Hungry for New Content, Google Tries to Grow Its Own in Africa  - jsm386
http://www.nytimes.com/2010/01/25/technology/25link.html

======
quant18
_Translation could be the key to bringing more material to non-English
speakers. It is the local knowledge that is vital from these Kenyan
contributors, the thinking goes, assuming that Swahili-English translation
tools improve._

As alluded to in the paragraph following this quote, the only way "local
knowledge" gets successfully added to English Wikipedia is if it was already
printed in an English newspaper which also puts its articles online. If it's
uncited, or cited to a blog, "anti-vandal" patrollers remove it. And even if
it's cited to a Swahili (or worse yet, other local vernacular) newspaper,
plenty of Wikipedia editors will claim it's "not notable" because they
personally can't read it:
[http://en.wikipedia.org/wiki/Wikipedia_talk:Notability/Archi...](http://en.wikipedia.org/wiki/Wikipedia_talk:Notability/Archive_37#Are_English_sources_required_for_notability.3F)

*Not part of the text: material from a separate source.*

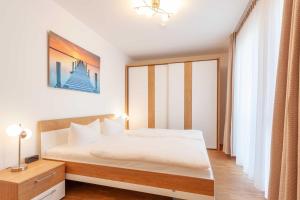 a bedroom with a white bed and a large window at Appartement Strandläufer mit Südbalkon by Unsere Urlaubszeit in Binz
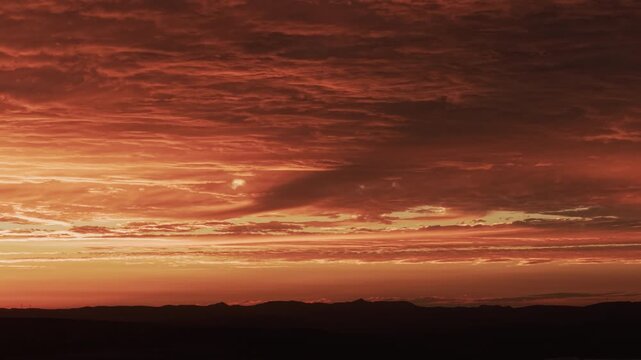 Dramatic fiery sunset clouds in majestic dusk sky with cinematic and smooth tracking movement.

But aside from the quirks of Wikipedia, I'd agree incentivizing Swahili-
English bilinguals to put content online in English, and then Google or
whoever translating it themselves into Swahili, is probably a more effective
way of getting Swahili content for the foreseeable future. The main point is
that most Swahili-speakers with internet access are bilingual in English too,
and so have a choice of what language to use to generate content that others
might search for. (And their choice of language is heavily influenced by the
topic domain.)